◆ Action item ◆
Repeat what the lines below say, word for word, and skip every image.

◆ Source data ◆
● ● ● ● ●

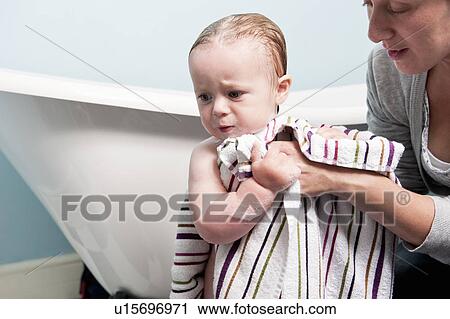 Mother toweling off toddler in bathroom View Large Photo Image Stock Image - Mother toweling off toddler in bathroom. Fotosearch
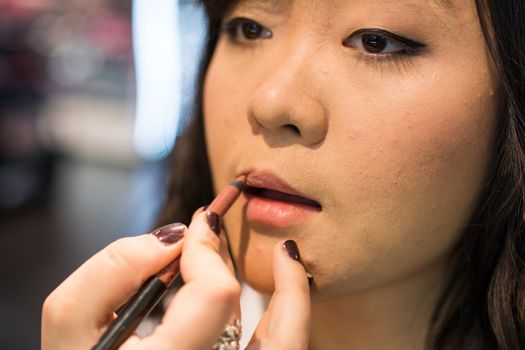 Young Asian woman applying lipstick and other cosmetics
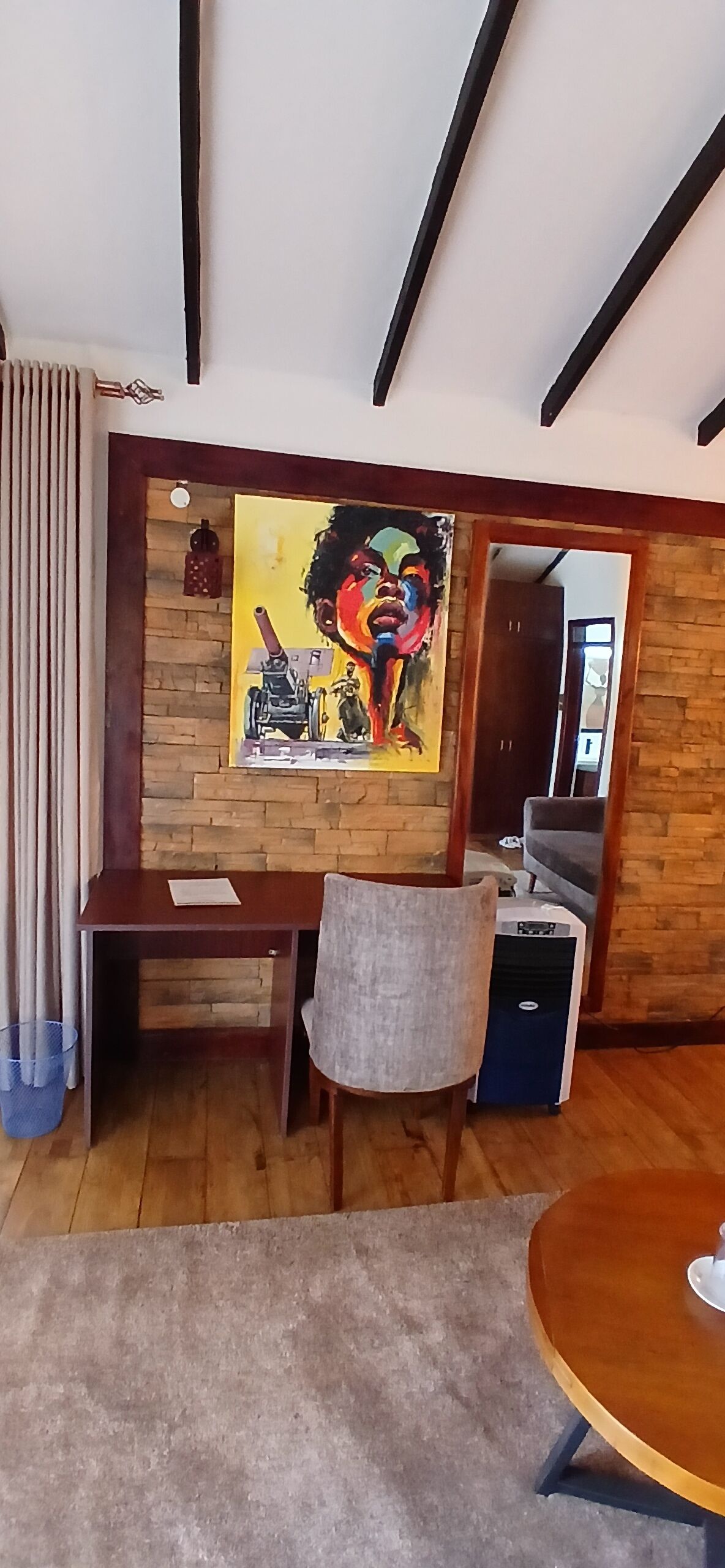 A dining area with a wooden table and chairs, a painting on the wall, and a blue trash bin.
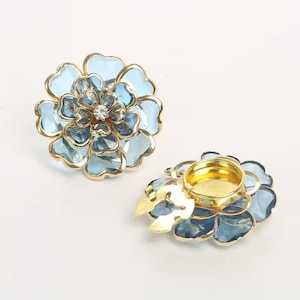 May include: Two flower-shaped candle holders with a gold-coloured rim and a clear gem in the centre. The petals are light blue. The candle holders are designed to resemble flowers.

● ● ● ● ●

◆ Your response ◆
 Mother toweling off toddler in bathroom View Large Photo Image Stock Image - Mother toweling off toddler in bathroom. Fotosearch
 Young Asian woman applying lipstick and other cosmetics
 A dining area with a wooden table and chairs, a painting on the wall, and a blue trash bin.
 May include: Two flower-shaped candle holders with a gold-coloured rim and a clear gem in the centre. The petals are light blue. The candle holders are designed to resemble flowers.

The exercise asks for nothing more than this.